* RECORD EXCERPTS:

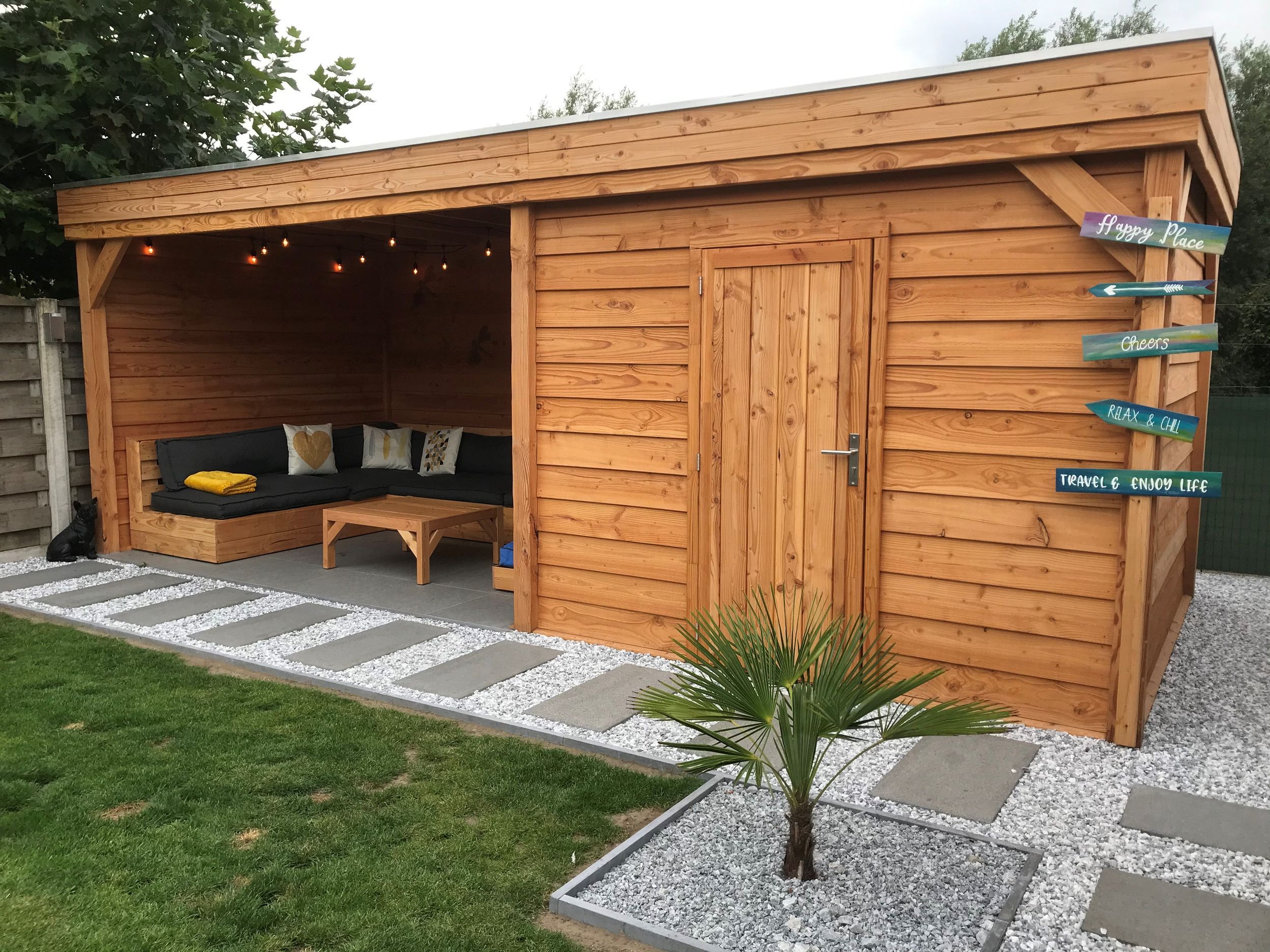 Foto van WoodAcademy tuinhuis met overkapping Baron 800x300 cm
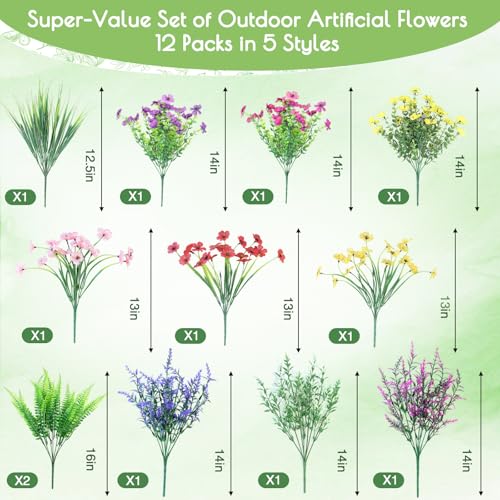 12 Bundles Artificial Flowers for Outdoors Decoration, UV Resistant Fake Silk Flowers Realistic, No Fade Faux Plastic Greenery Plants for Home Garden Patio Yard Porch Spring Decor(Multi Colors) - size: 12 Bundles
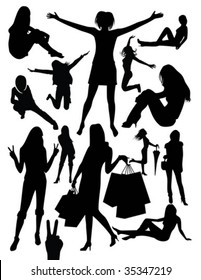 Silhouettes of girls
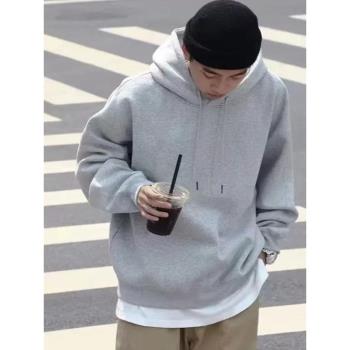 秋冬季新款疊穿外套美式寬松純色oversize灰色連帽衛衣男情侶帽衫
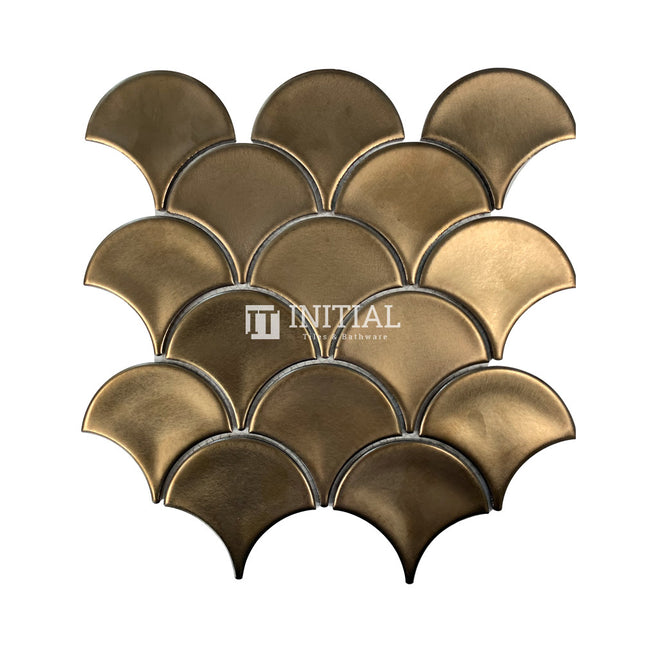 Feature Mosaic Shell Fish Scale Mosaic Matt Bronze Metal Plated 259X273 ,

* INSTRUCTIONS FOR THE TASK: What is needed is an exact transcription of the lines from the one holding "秋冬季新款疊穿外套美式寬松純色oversize灰色連帽衛衣男情侶帽衫" to the end of the data, with every picture left out.

* YOUR SOLUTION:
 秋冬季新款疊穿外套美式寬松純色oversize灰色連帽衛衣男情侶帽衫
 Feature Mosaic Shell Fish Scale Mosaic Matt Bronze Metal Plated 259X273 ,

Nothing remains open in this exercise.